===== DATA SHOWN =====
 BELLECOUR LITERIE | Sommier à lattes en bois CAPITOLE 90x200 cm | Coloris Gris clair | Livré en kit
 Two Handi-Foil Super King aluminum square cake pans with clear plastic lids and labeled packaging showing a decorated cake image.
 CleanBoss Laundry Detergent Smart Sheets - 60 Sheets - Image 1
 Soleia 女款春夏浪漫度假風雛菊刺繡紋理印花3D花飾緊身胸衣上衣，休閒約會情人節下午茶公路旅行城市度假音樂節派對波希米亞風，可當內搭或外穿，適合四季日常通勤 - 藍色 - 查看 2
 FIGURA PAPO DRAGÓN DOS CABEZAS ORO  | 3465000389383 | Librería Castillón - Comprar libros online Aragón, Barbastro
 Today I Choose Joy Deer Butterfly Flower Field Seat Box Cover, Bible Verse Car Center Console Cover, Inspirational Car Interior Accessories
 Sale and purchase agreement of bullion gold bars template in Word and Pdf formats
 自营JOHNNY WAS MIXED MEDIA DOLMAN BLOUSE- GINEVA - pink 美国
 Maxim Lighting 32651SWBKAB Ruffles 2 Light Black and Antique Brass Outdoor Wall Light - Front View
=====
Copy the lines above exactly. Start with the line containing "Two Handi-Foil Super", end with the line containing "- 藍色 - 查看 2", and include both.

REPLY TO THE TASK:
 Two Handi-Foil Super King aluminum square cake pans with clear plastic lids and labeled packaging showing a decorated cake image.
 CleanBoss Laundry Detergent Smart Sheets - 60 Sheets - Image 1
 Soleia 女款春夏浪漫度假風雛菊刺繡紋理印花3D花飾緊身胸衣上衣，休閒約會情人節下午茶公路旅行城市度假音樂節派對波希米亞風，可當內搭或外穿，適合四季日常通勤 - 藍色 - 查看 2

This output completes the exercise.